Tradeweb Markets and ICE Benchmark Administration (IBA) are introducing the daily Tradeweb ICE Constant Maturity Treasury Rates, which have been designed to provide market participants with a daily overview of US Treasury yields for standard maturities and thus potentially becoming another alternative benchmark to Libor.
The rates are based on transactions executed and/or quotes provided for US Treasuries on Tradeweb’s electronic trading platform. The companies say they are providing the rates to help market participants meet their valuation, risk management and potential benchmarking needs.
The new rates will be based on an interpolated US Treasury yield curve from which standard maturity dates and associated US Treasury yields will be published.

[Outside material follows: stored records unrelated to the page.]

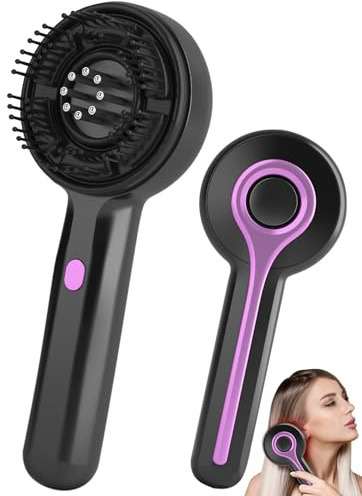 2 in 1 Kopfmassagegerät, Kopfhaut Massagebürste Elektrisch mit Haaröl-Applikator, Rotlicht Kopfmassage Bürste Elektrisch, 3 Modi zur Massage Kopfhautpflege
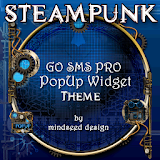 Steampunk GOSMS Pro PopUp Blue icon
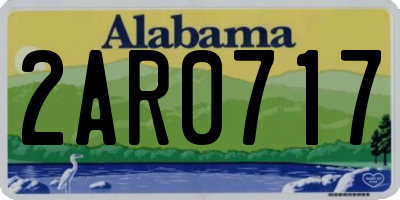 AL license plate 2AR0717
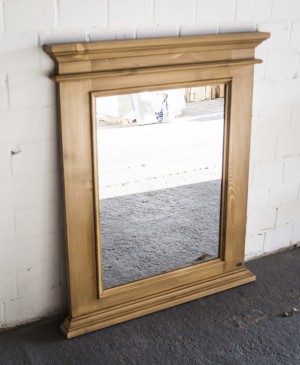 Spiegel Massivholz, Maße 93x110 cm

They will be published for maturities of 1, 2, 3 and 6 months, and 1, 2, 3, 5, 7, 10, 20 and 30 years, all of which relate to the maturities of frequently issued US Treasury securities.
The rates will be sourced from a constant maturity yield curve produced by the companies, which will be constructed using a curve-smoothing quasi-cubic Hermite spline model. The inputs used to generate the curve and associated rates will be based upon volume-weighted average prices, and associated yields, for transactions in on-the-run Treasury securities (i.e. the most recently auctioned US Treasury securities) that took place on the Tradeweb Platform over the course of a seven-hour window between 8:00AM and 3:00PM EST.

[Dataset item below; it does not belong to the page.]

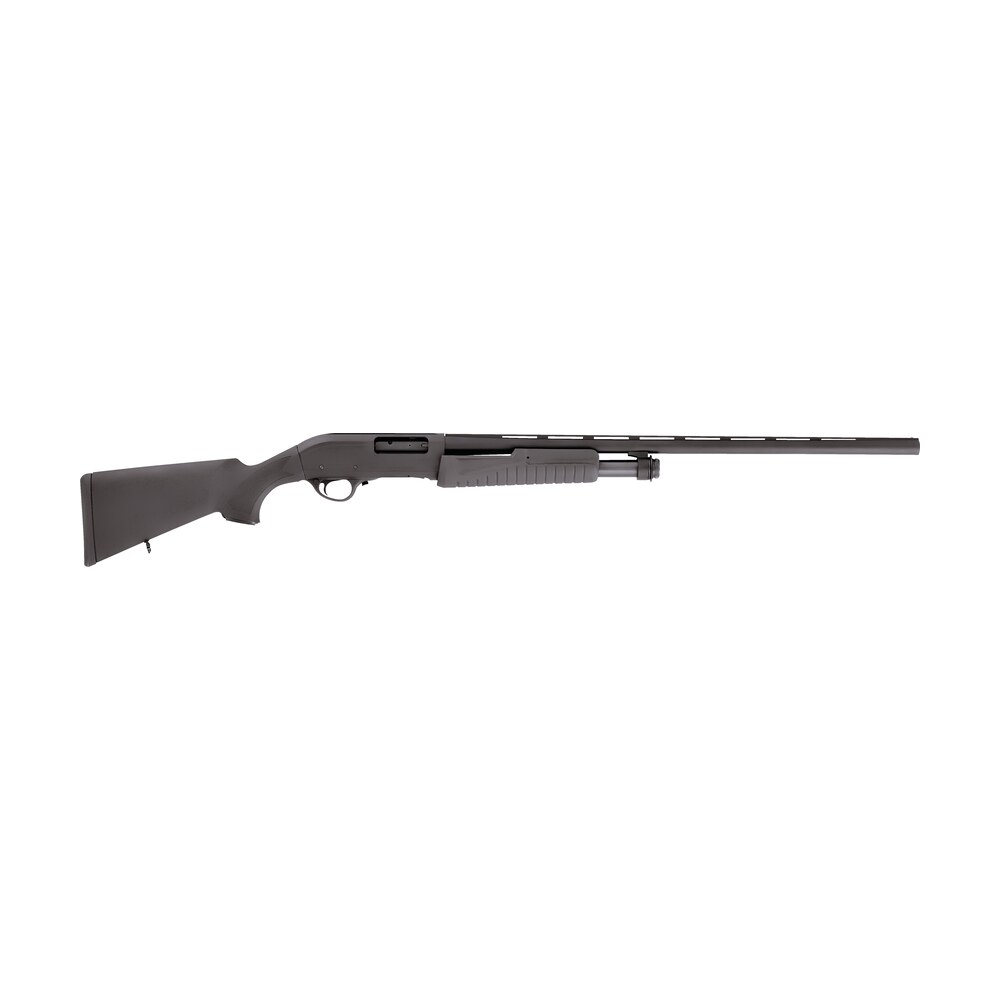 escort hefh20280501 field hunter full size 20 gauge pump 3" 4+1 28" black vent rib barrel, black anodized aluminum grooved receiver, fixed black synthetic stock, right hand Escort HEFH20280501 Field Hunter Full Size 20 Gauge Pump 3" 4+1 28" Black Vent Rib Sports South item 141436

If there is insufficient trading activity in a particular on-the-run security on the Tradeweb Platform, then dealer bid-offer quotes displayed electronically to institutional clients on the platform sourced between approximately 8:00AM Eastern and 3:00PM Eastern time will be used as input data to build the curve.

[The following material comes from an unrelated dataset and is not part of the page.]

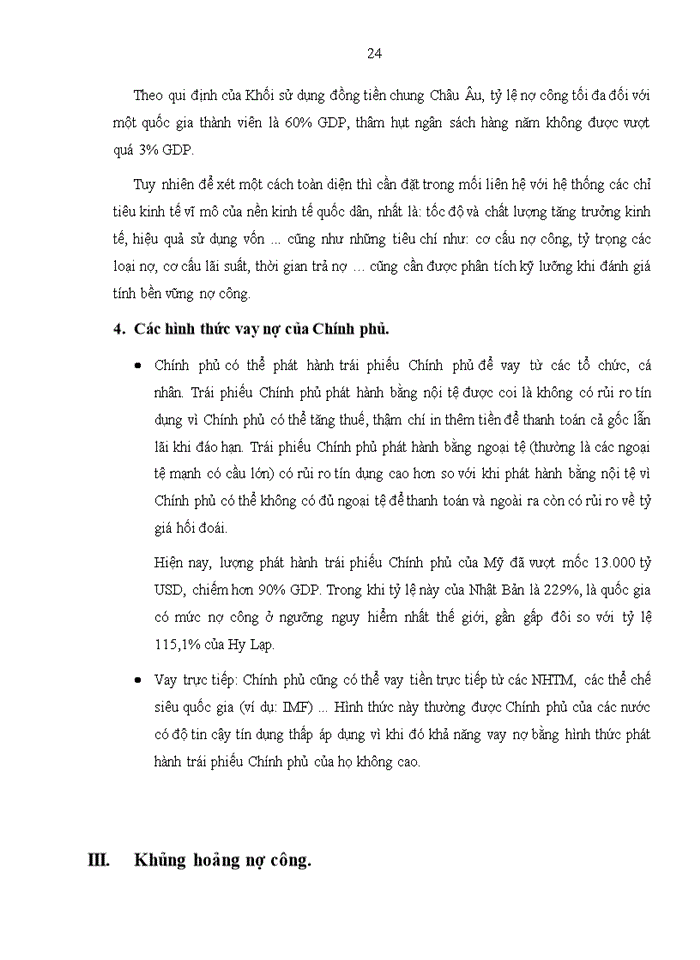 image for page Giải quyết khủng hoảng nợ công của EU: Bài học kinh nghiệm cho Việt Nam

Tradeweb and IBA say they have conducted an 18-month period of testing on the new rates and have released a paper setting out the test result.
As a result of the paper, the two firms are now asking market participants and stakeholders to review and provide feedback on the new rates and the proposed calculation methodology by September 18, 2020. They add they intend to consider and take account of this feedback before finalising the methodology used and before launching the rates for use by market participants in financial contracts.